Luna Network HSM 7 now allows you to store your cryptographic objects in an encrypted cluster within the appliance memory. This process uses Scalable Key Storage to encrypt the cluster and the SMK is shared with all member HSMs. The cluster contains keyrings, which are analogous to application partitions and can be accessed by a client in much the same way, by connecting to any member appliance. Keys are retrieved from the cluster, decrypted within the secure confines of the HSM, and used by the HSM for cryptographic operations. This configuration allows you to store many more keys than you can normally store within HSM partitions. The management of backup and restore operations is greatly simplified; the HSM administrator can back up the full content of a cluster, at scheduled intervals or on demand.

A cluster can consist of one Luna Network HSM 7 member appliance, or multiple appliances that share the contents of the cluster. Adding multiple members to a cluster improves performance, and provides redundancy and failover for your client applications. Thales recommends a maximum of 4 members per cluster.
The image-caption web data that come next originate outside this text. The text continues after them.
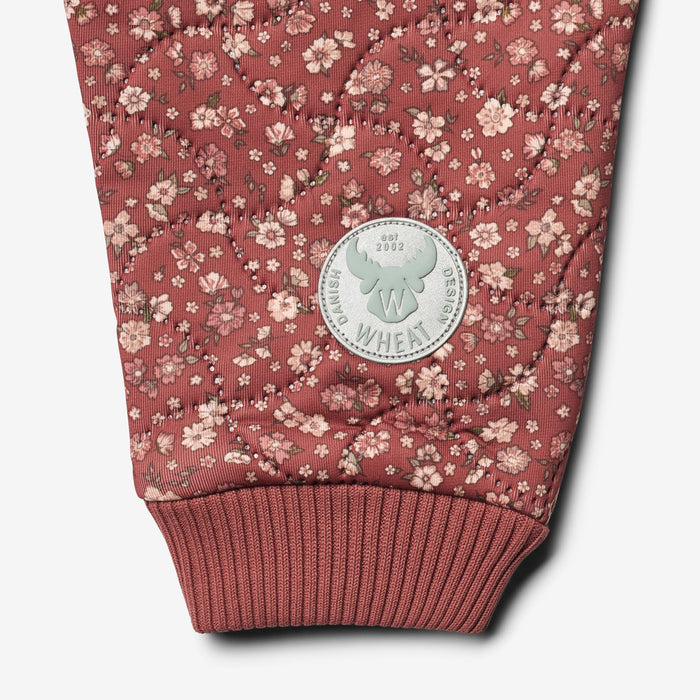 Wheat Outerwear Thermo Pants Alex | Baby Thermo 2077 red flowers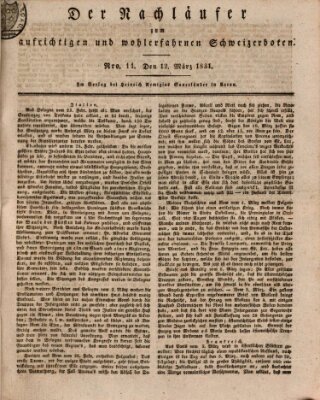 Der aufrichtige und wohlerfahrene Schweizer-Bote (Der Schweizer-Bote) Samstag 12. März 1831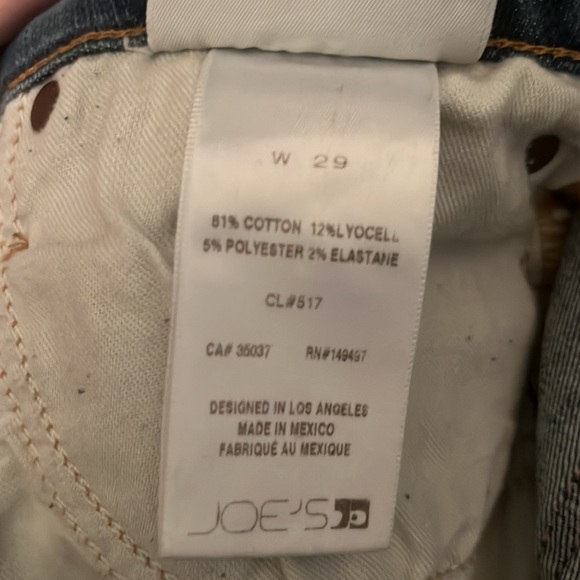 Joe’s Charlie High Waist Raw Hem Crop Skinny Jeans Shondra 29 - Picture 7 of 8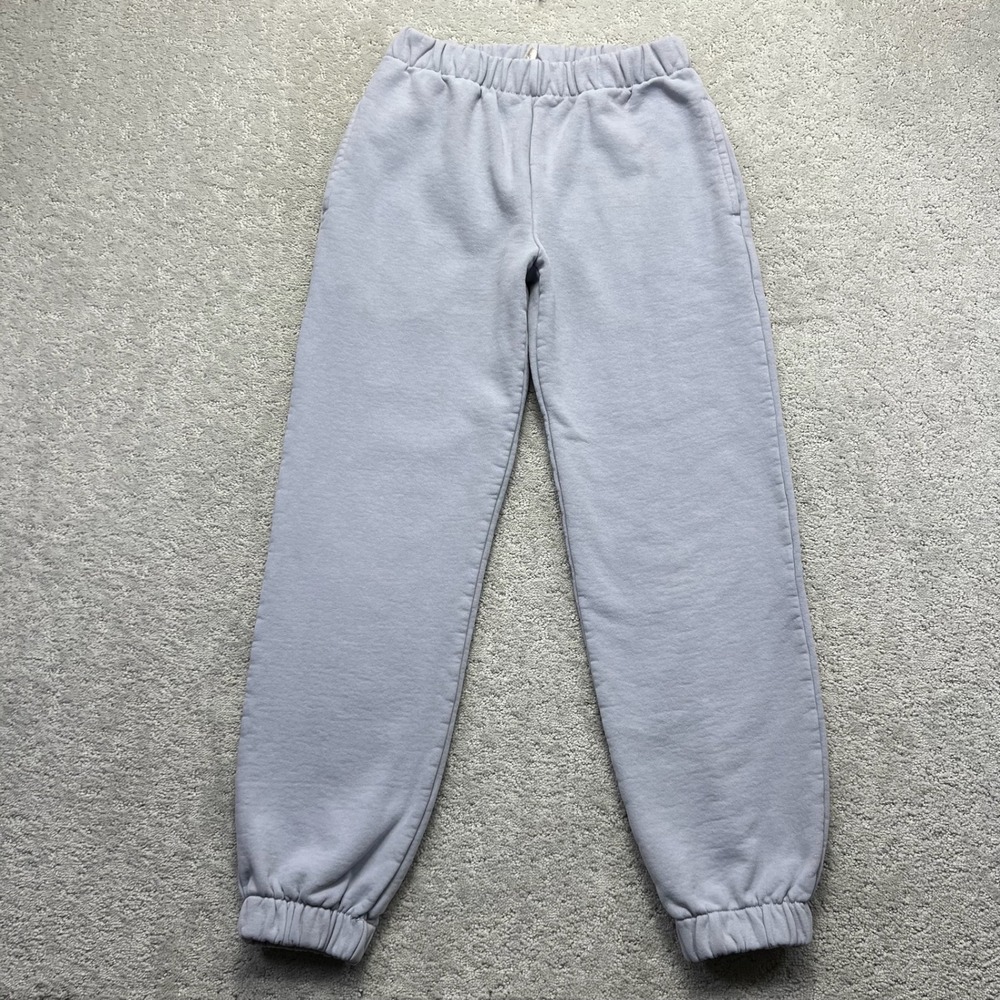 John Galt Sweatpants Womens M/L?? Blue Heavyweight Thick Joggers Lounge Casual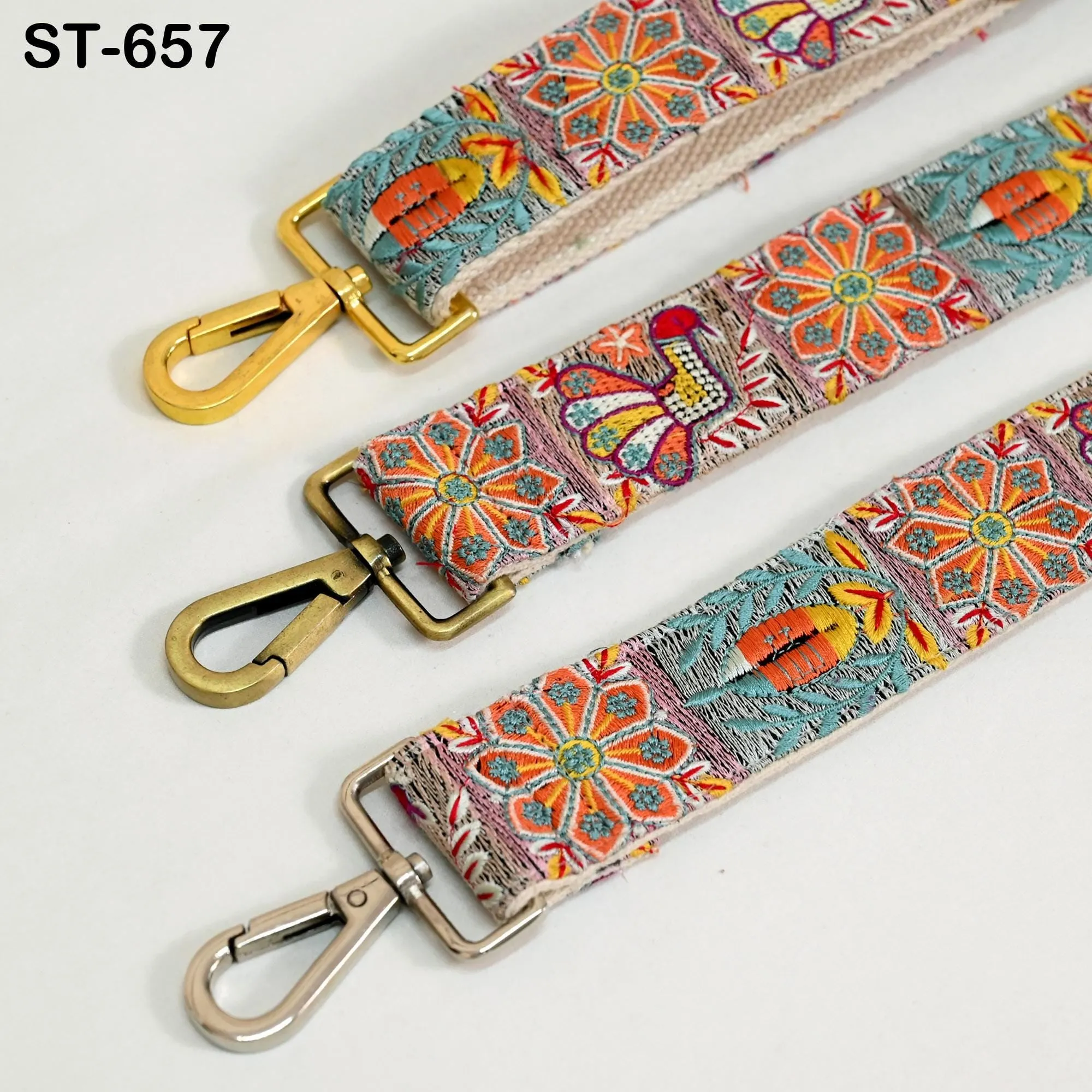 Embroidered Purse Strap Crossbody Strap for Purses Handbag Messenger Bag Strap Embroidery Replacement Strap Boho Guitar Strap Gift Mother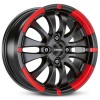 Janta aliaj Ronal R59 6.0x15 4x108 ET40 MCR - Jetblack-Matt-Red Rim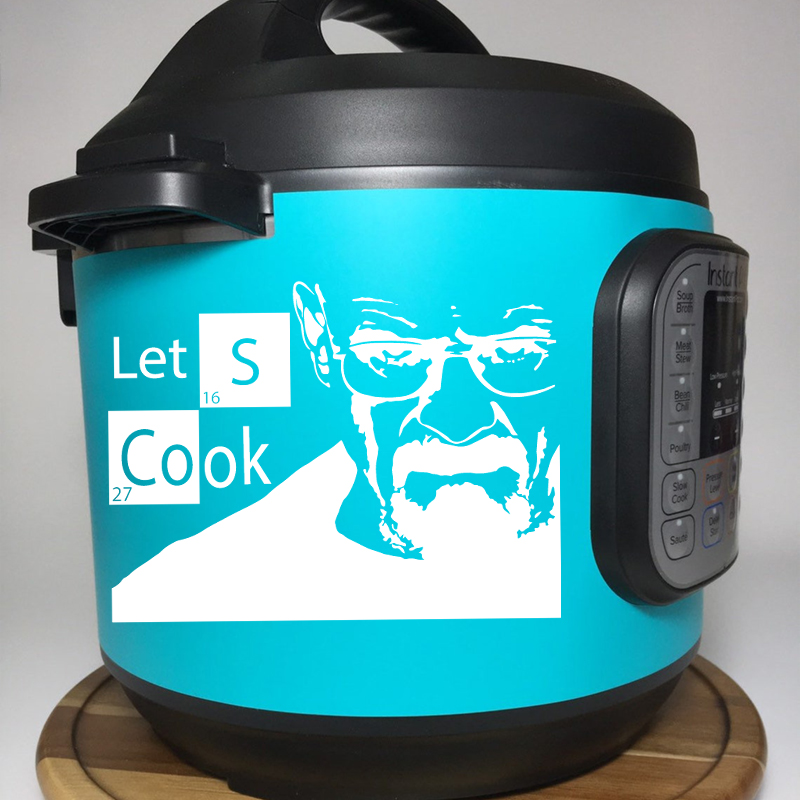 Instant Pot Vinyl Sticker,  Ki - Instant Pot Pressure Cooker avaliação e preço
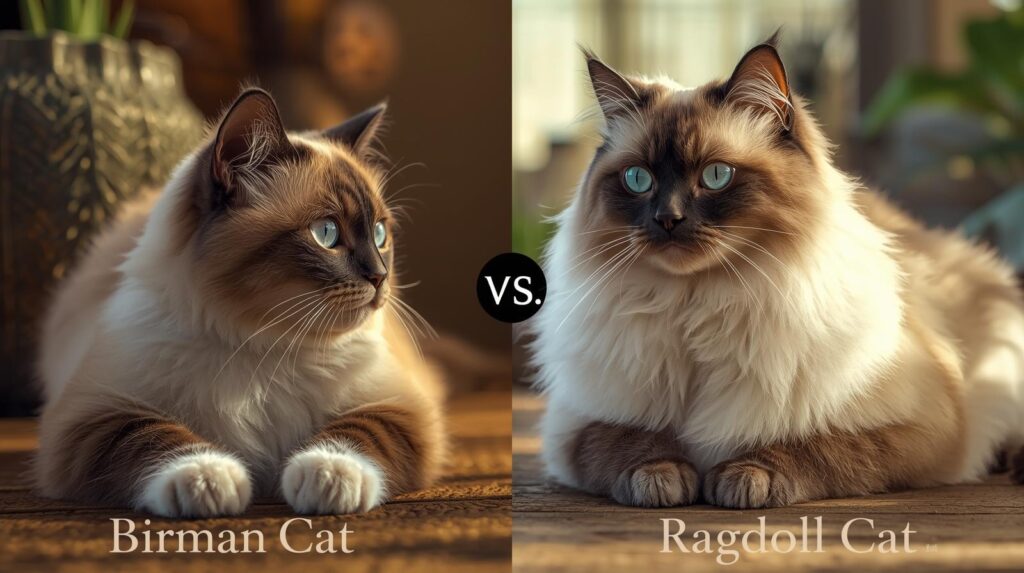 Current image: Birman Cat vs Ragdoll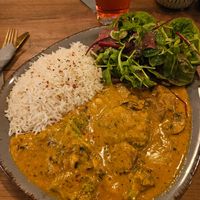 Cashew Curry vegan at Scheunecafe in Dresden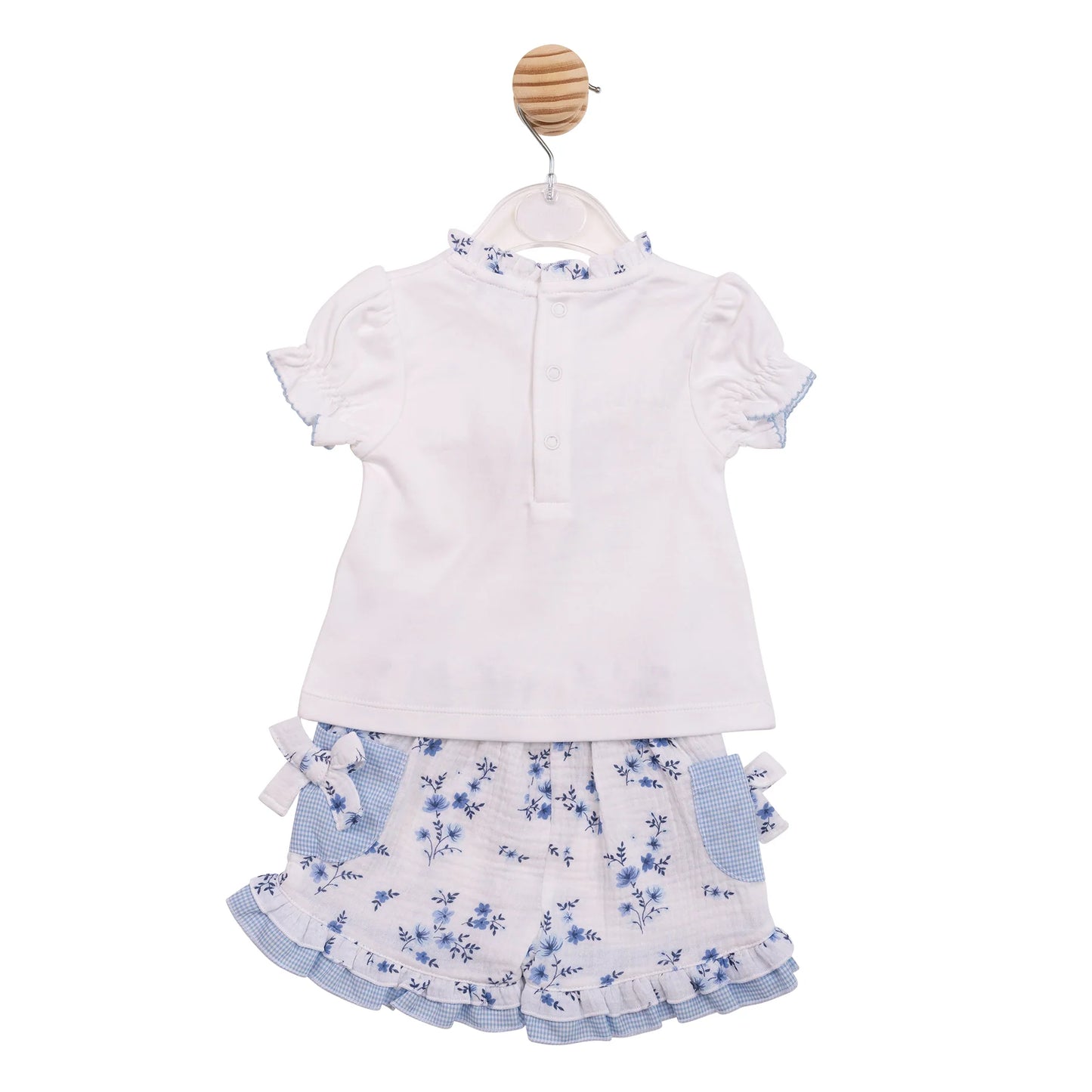 Mintini Blue Floral Shorts Set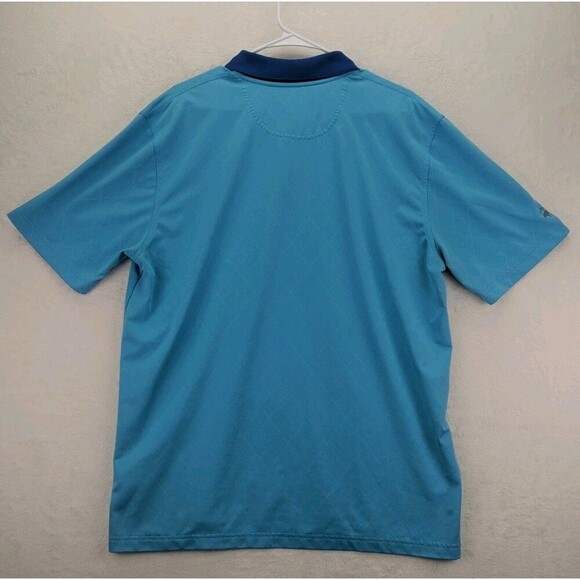 Brooks Brothers Two Tone Blue Performance Polo Mens XL Short Sleeve Breathable - Picture 2 of 12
Up to 3500 keyrings can be created on the cluster, and each keyring can contain up to 256 objects. Each Luna HSM Client can manage up to 3500 keyrings, which can be spread across multiple clusters.

Customized Load-Balancing

Luna Network HSM 7s within a cluster can be added to an affinity group. Operations from a connected client application are load-balanced between members of the same group only. This allows you to use the other members, which can be at a remote location with greater latency, as backup or standby members for a specific client. If all members of a client's preferred group are unavailable, operations then fail over to other members of the cluster. The state of keyrings and objects stored on them is always synchronized across all members of the cluster, regardless of group. You can create up to 64 affinity groups in a cluster.